Being able to condition on a video vs. just text massively simplifies the task. Mainly because you get consistent camera motion and movement in the scene for free!
(1) with enough high-quality training data, «AI» models should be able to output H265 / H266 / AV1 directly, can achieve simplicity and reduce artifacts by skipping an inferior compression step and leveraging temporal elements
(2) if AI video compression (as demoed by nvidia) becomes standard, the training data and generated data will become [more] «AI-native», boosting these efforts by miles
why would you want 1? having the raster frames is surely better for post production. I agree that models should take a stab at compression but I think it should be independent. At the end of the day you also don't want to be doing video compression on your GPU, using a dedicated chip for that is so much more efficient.
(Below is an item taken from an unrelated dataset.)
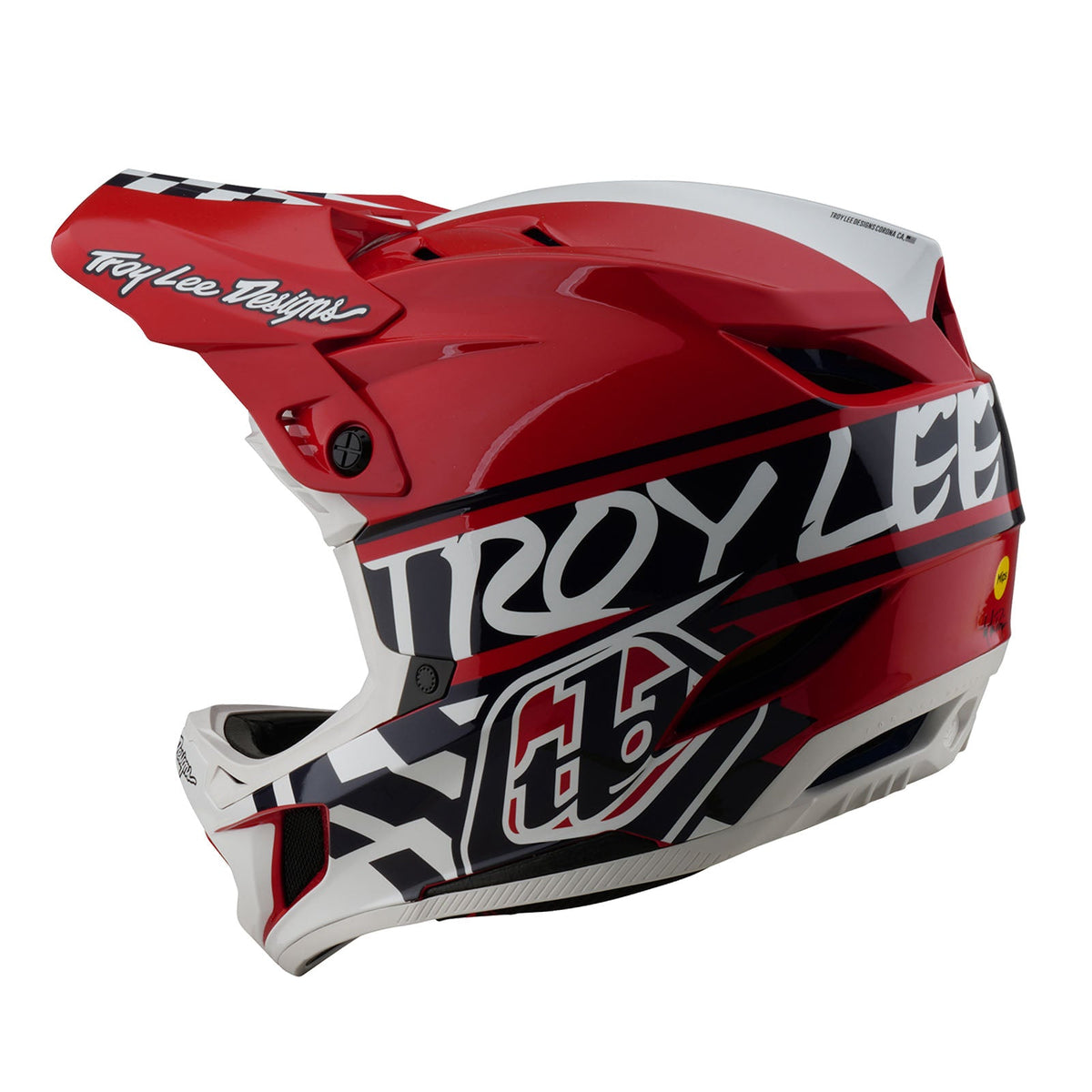 Casco Bicicleta Troy Lee Designs D4 Polyacrylite Fifty-50 Blanco / Rojo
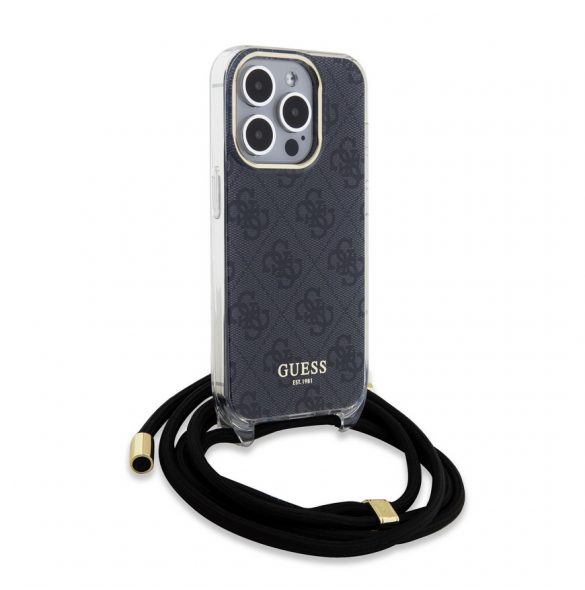 Iphone 15 Pro Guess - Iml 4g Tryckt Crossbody Cover Cord - Svart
lastly, you don't want to compress the same all the time. FOr low latency we compress with no b-frames and a smallish GOP, with VOD we have a long GOP and b-frames are great for compression.
2. as long as we can again port the algo's to dedicated hardware, which are on mobiles a must for energy efficiency for both encode and decode
For some reason you are being downvoted, but you are right - that is exactly what i was looking for. The videos on the original page did not play for me or give any indication they were videos.
Thanks mate, I really wanted to see some demos myself, but OPs link didn't show me much. This is pretty exciting, I know it's in its infancy but still... exciting times!
"We present the content deformation field (CoDeF) as a new type of video representation, which consists of a canonical content field aggregating the static contents in the entire video and a temporal deformation field recording the transformations from the canonical image (i.e., rendered from the canonical content field) to each individual frame along the time axis. Given a target video, these two fields are jointly optimized to reconstruct it through a carefully tailored rendering pipeline. We advisedly introduce some regularizations into the optimization process, urging the canonical content field to inherit semantics (e.g., the object shape) from the video."
The results also look very stable/impressive.